● WHAT THE TASK ASKS: In the records below, the lines between the one holding "Roshtia 4 Sets" and the one holding "Anthracite Grey Pocket Linen Shirt", inclusive, are to be transcribed exactly; no pictures are to be included.

● RECORD SET:
=======

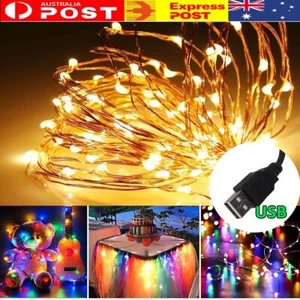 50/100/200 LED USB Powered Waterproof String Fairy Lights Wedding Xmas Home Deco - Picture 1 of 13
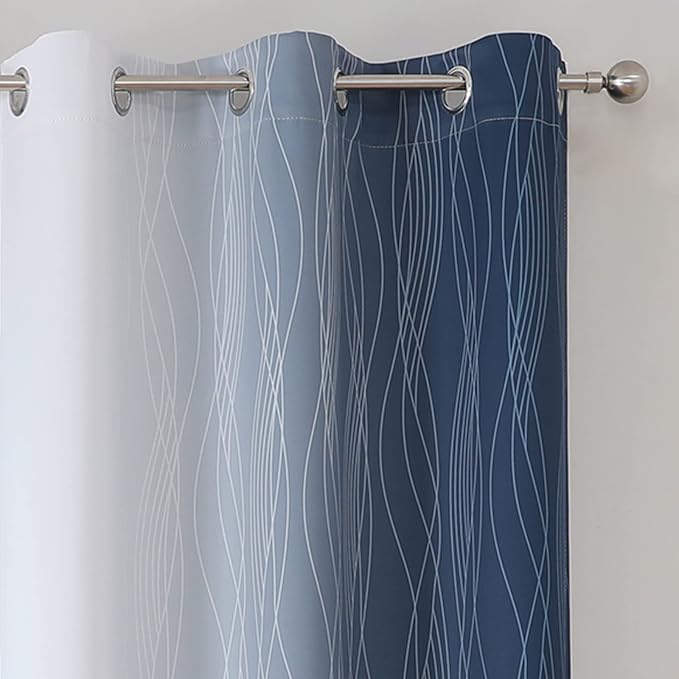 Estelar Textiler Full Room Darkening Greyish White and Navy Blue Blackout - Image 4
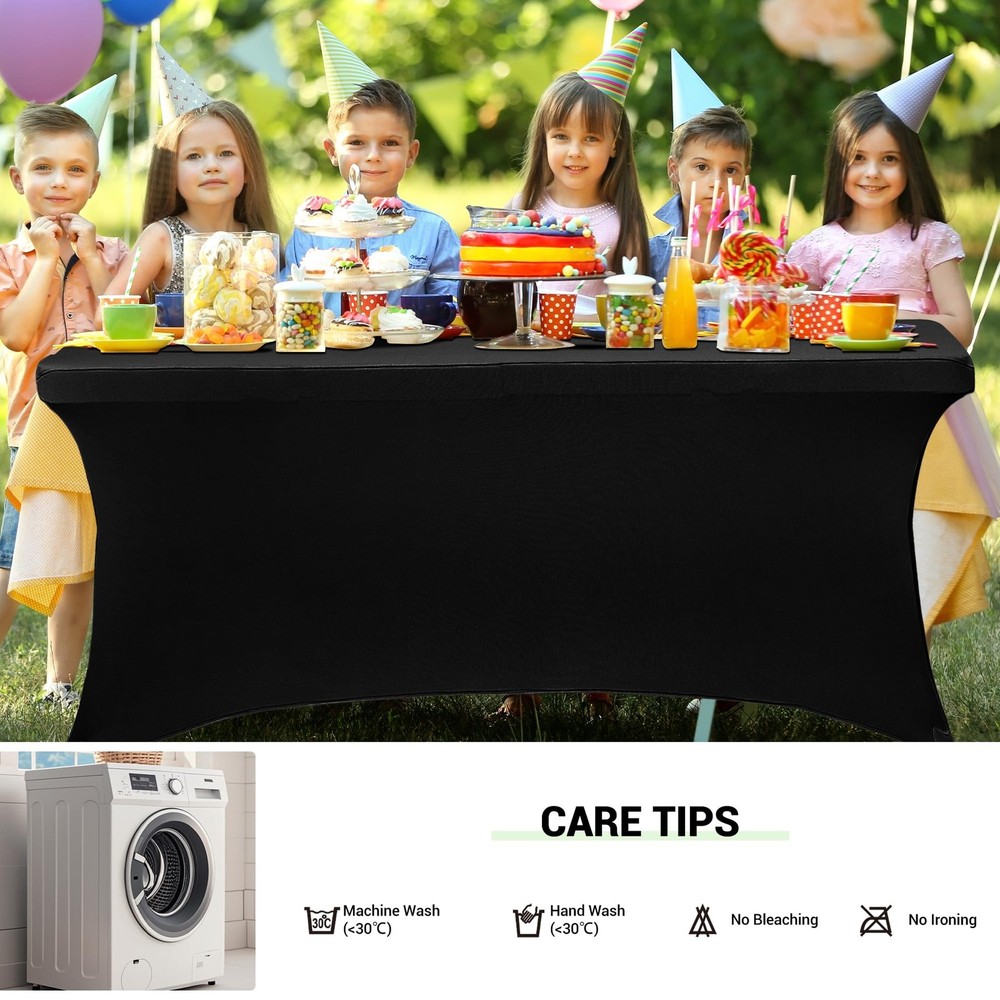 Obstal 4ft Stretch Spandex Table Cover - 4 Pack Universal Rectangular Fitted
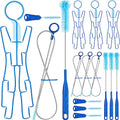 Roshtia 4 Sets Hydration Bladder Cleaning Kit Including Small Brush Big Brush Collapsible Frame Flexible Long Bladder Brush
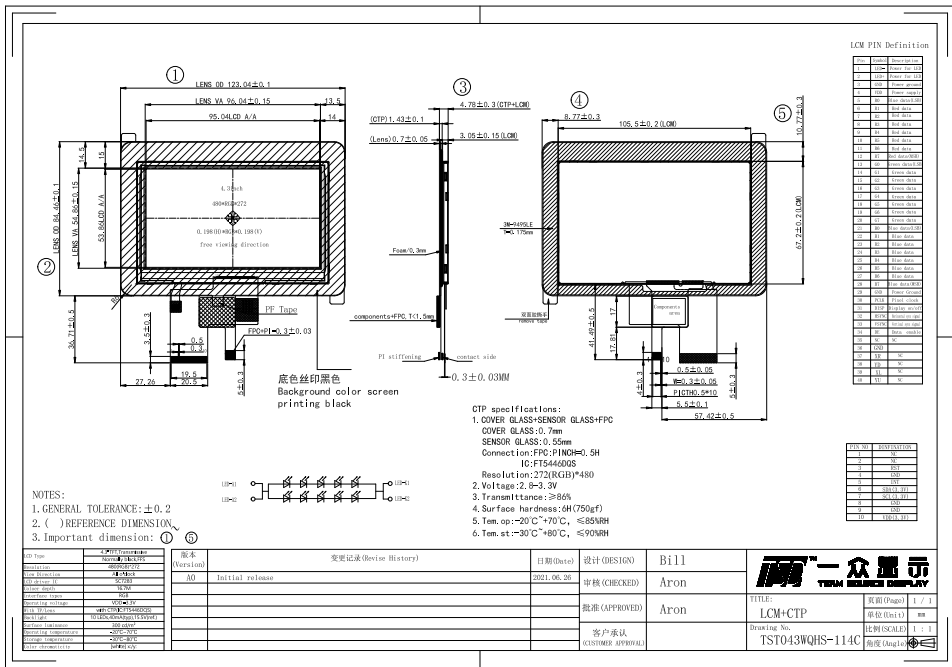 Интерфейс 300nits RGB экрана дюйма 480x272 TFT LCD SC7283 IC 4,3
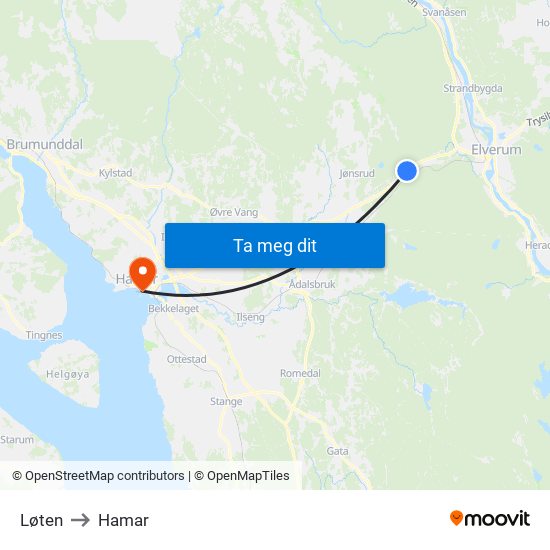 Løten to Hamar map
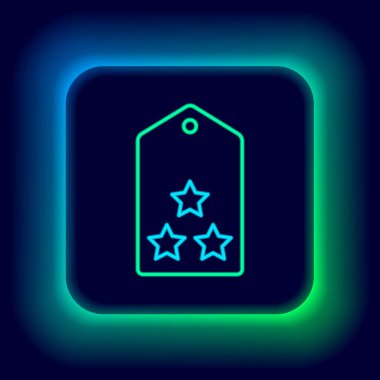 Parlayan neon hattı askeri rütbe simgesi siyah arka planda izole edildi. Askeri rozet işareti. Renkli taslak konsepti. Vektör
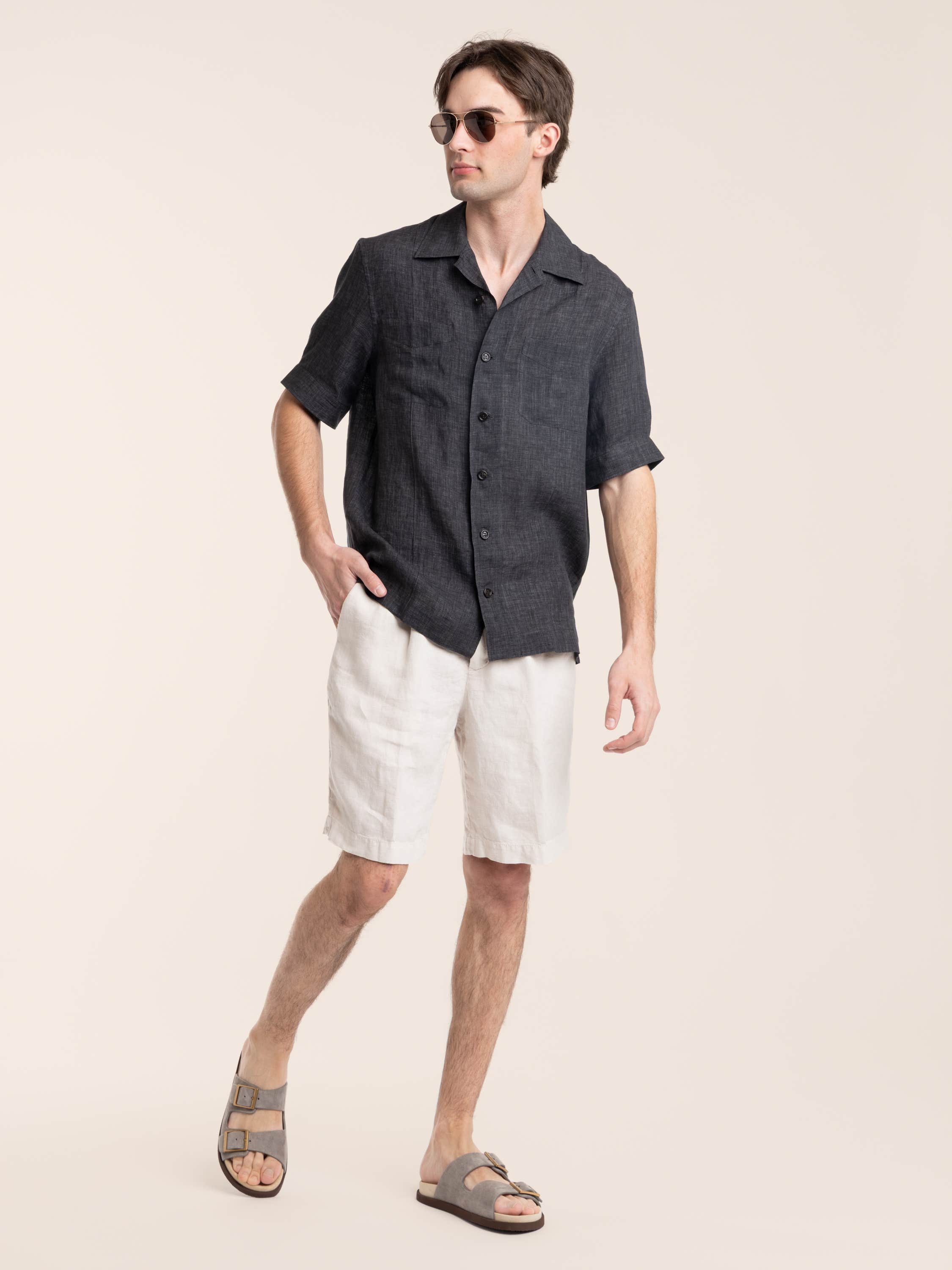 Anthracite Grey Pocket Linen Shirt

=======

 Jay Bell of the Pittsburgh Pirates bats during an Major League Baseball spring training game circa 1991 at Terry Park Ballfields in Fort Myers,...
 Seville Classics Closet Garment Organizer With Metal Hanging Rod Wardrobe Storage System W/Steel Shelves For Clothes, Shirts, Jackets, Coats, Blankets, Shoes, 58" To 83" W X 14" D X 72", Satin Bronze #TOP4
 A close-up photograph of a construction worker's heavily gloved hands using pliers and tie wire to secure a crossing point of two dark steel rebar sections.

=======

● REPLY TO THE EXERCISE:
 Roshtia 4 Sets Hydration Bladder Cleaning Kit Including Small Brush Big Brush Collapsible Frame Flexible Long Bladder Brush
 Интерфейс 300nits RGB экрана дюйма 480x272 TFT LCD SC7283 IC 4,3
 Løten to Hamar map
 Parlayan neon hattı askeri rütbe simgesi siyah arka planda izole edildi. Askeri rozet işareti. Renkli taslak konsepti. Vektör
 Anthracite Grey Pocket Linen Shirt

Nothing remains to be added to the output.